Sunday, September 21, 2014

Well Hello, there. I'm going to ease back into this blogging thing.

I'm pretty sure I have felt ALL the feelings today. Noah's birthday, the Primary program, and some growing pains have left me with an open mind and a full heart. (Mind you, not my own growing pains this time. But you know, being a mother means that their problems will always, ALWAYS be your problems, really.)

From the Primary program. "God gave us families to help us become what He wants us to be. This is how He shares His love, for the family is of God." This is by far my favorite song the kids learned this year, and they sounded like angels today.

From Noah, who says the best prayers. "Please bless Mom betaws I love her... and please bless me be ninja... and thank you for Cody betaws he so tute..." One of his birthday wishes was to have all of his siblings sleep in his room tonight, and they happily obliged. I planned on taking a picture of all of them sleeping but there is no sleep happening yet.

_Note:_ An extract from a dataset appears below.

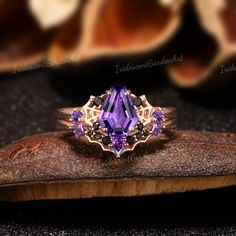 Witchy Coffin Amethyst Engagement Ring Set Spider Web Bat Ring Solid Gold Black Onyx Wedding Ring Set Purple Gemstone Ring Halloween Jewelry Black Onyx Ring Set: https://www.etsy.com/listing/1778384140 Garnet Ring Set: https://www.etsy.com/listing/1782283492 Alexandrite Ring Set: https://www.etsy.com/listing/1792981172 Peridot Ring Set: https://www.etsy.com/listing/1807186505 RING DESCRIPTION ✦Engagement Ring ✴Center Stone - Amethyst Shape - Coffin Cut Size - 6×8mm ✴Side Stones - Black Onyx & Am Onyx Wedding Ring, Bat Ring, Amethyst Engagement Ring, Amethyst Ring Engagement, Purple Rings, Alexandrite Ring, Jewelry Black, Black Onyx Ring, Garnet Ring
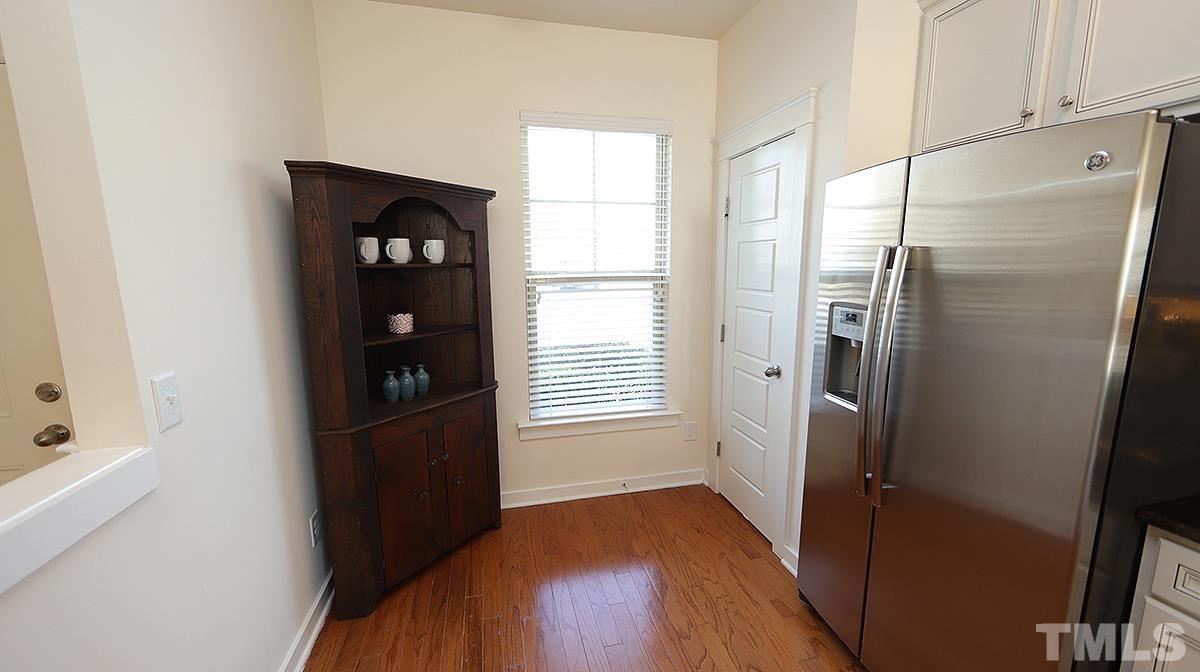 6414 Swatner Drive Raleigh, NC 27612 - Photo 3 of 21 a kitchen with a refrigerator and a wooden floor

From me. I haven't figured out what to do about the growing pains. I was pretty sure I had a brilliant idea, but I was drifting off to sleep. I thought at the time it was so brilliant there was no way I could forget it, but I did. Now I'm not sure if it really was brilliant or if I was just delirious. And if it was brilliant, why does that happen so often? A great idea just as we fall asleep, or in the middle of the night. Is it our brain playing tricks or is it that we have let down our walls enough to allow inspiration to creep in during those vulnerable sleepy moments?

If you know, let me know. I'll just be over here loving generously and fiercely. Because I know that matters, and I'm not sure all the other stuff does matter.